Some HGVC affiliates have dual membership in RCI & II. See this old thread
HGVC affiliate resorts - which are dual listed with II and RCI? (2007) - http://www.tugbbs.com/forums/showthread.php?t=59539


----------



## alwysonvac (Apr 14, 2014)

See links to sightings below 

http://www.tugbbs.com/forums/showthread.php?t=207452&highlight=hotels
http://www.tugbbs.com/forums/showthread.php?t=188287&highlight=hotels
http://www.tugbbs.com/forums/showthread.php?t=161954&highlight=hotels
http://www.tugbbs.com/forums/showthread.php?t=181473&highlight=hotels


----------



## NWTRVLRS (Apr 14, 2014)

Thank you... Had not expected to see hotels in RCI!


----------



## rickandcindy23 (Apr 14, 2014)

There are quite a few hotels currently in RCI but only available to Platinum members.  

It's actually worth the extra money to have the Platinum membership [for me].  For example, my son is going to a wedding in San Diego, and they need to be in the area for several days.  There is a nice hotel available for his dates.  But it's costly at 75K points, which equates to $1,000 for the week total.  It's the Hyatt Regency Mission Bay Spa.


----------



## NWTRVLRS (Apr 14, 2014)

Are the hotels ever available for cash or only for trade?


----------



## uscav8r (Apr 14, 2014)

rickandcindy23 said:


> There are quite a few hotels currently in RCI but only available to Platinum members.
> 
> It's actually worth the extra money to have the Platinum membership [for me].  For example, my son is going to a wedding in San Diego, and they need to be in the area for several days.  There is a nice hotel available for his dates.  But it's costly at 75K points, which equates to $1,000 for the week total.  It's the Hyatt Regency Mission Bay Spa.
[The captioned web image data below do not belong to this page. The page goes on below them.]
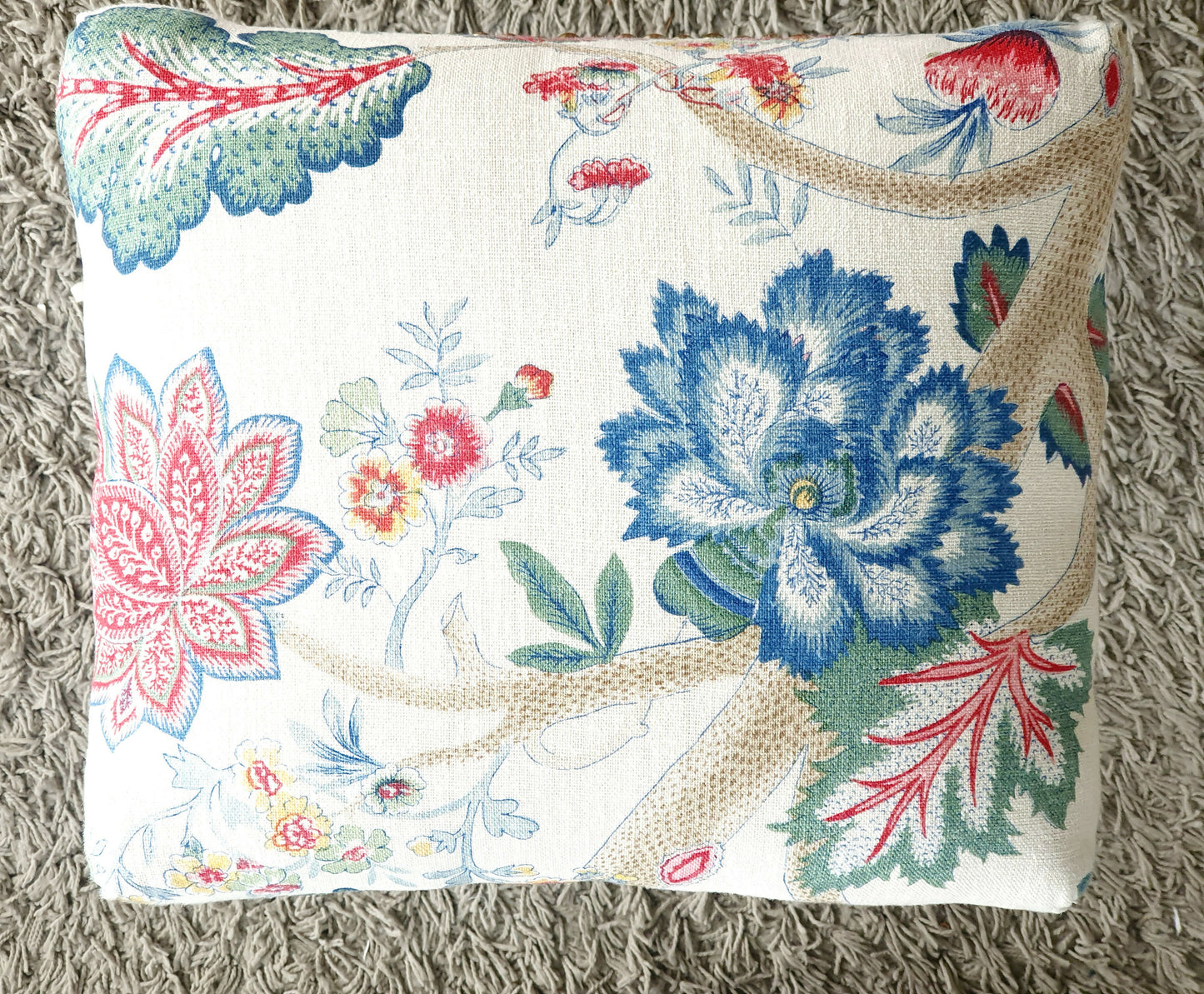 Footstool Vintage Oak Seat. Stool Restored Reupholstered in Linwood Linen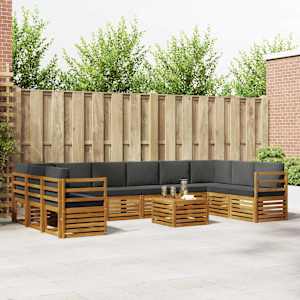 Zunanja garnitura za sedenje 11 pcs Naravna in antracitna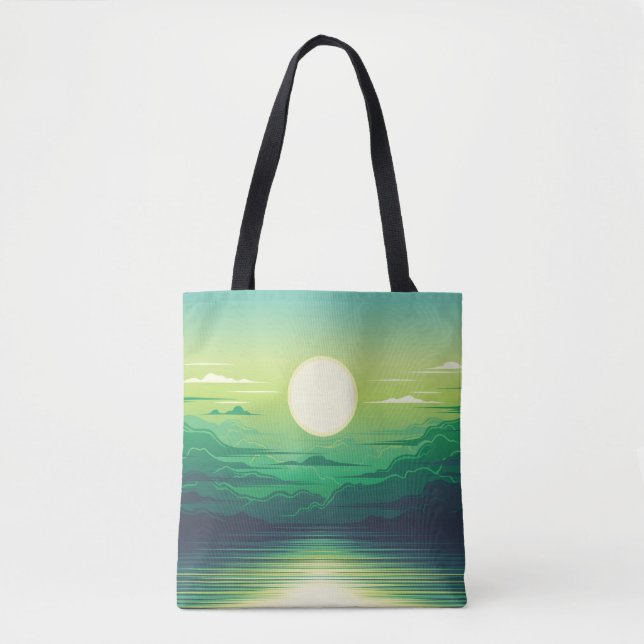 Bolso De Tela Amanecer en ropa de ilustracion marino, arte, bell (Anverso)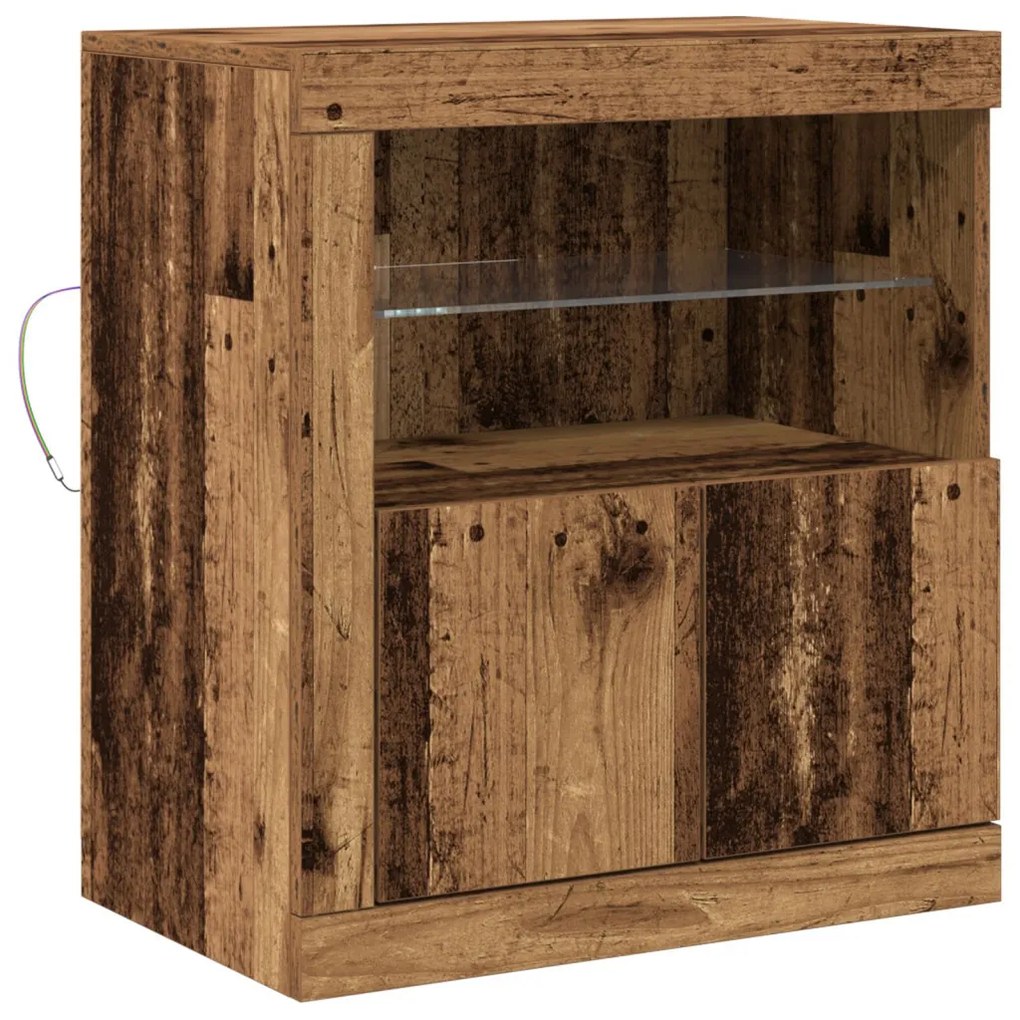 LED világítással ellátott oldalszekrény, öreg fa 60,5x37x67 cm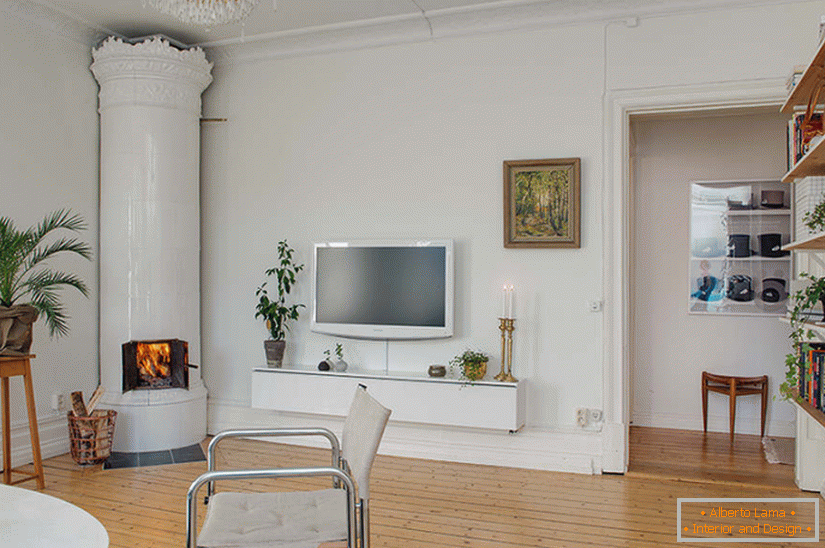 Interior da sala de estar em estilo escandinavo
So I guess that begs the question: is that any better than going straight to the hotel chain website, or using an engine like Booking.com, Kayak, etc.? It could be in this case, but it doesn't seem RCI for hotels is an efficient use of time or points.


Sent from my iPad using Tapatalk


----------



## rickandcindy23 (Apr 14, 2014)

I don't know what a hotel accommodation costs in San Diego for fall, but I would bet a person could use Kayak and get a good deal.


----------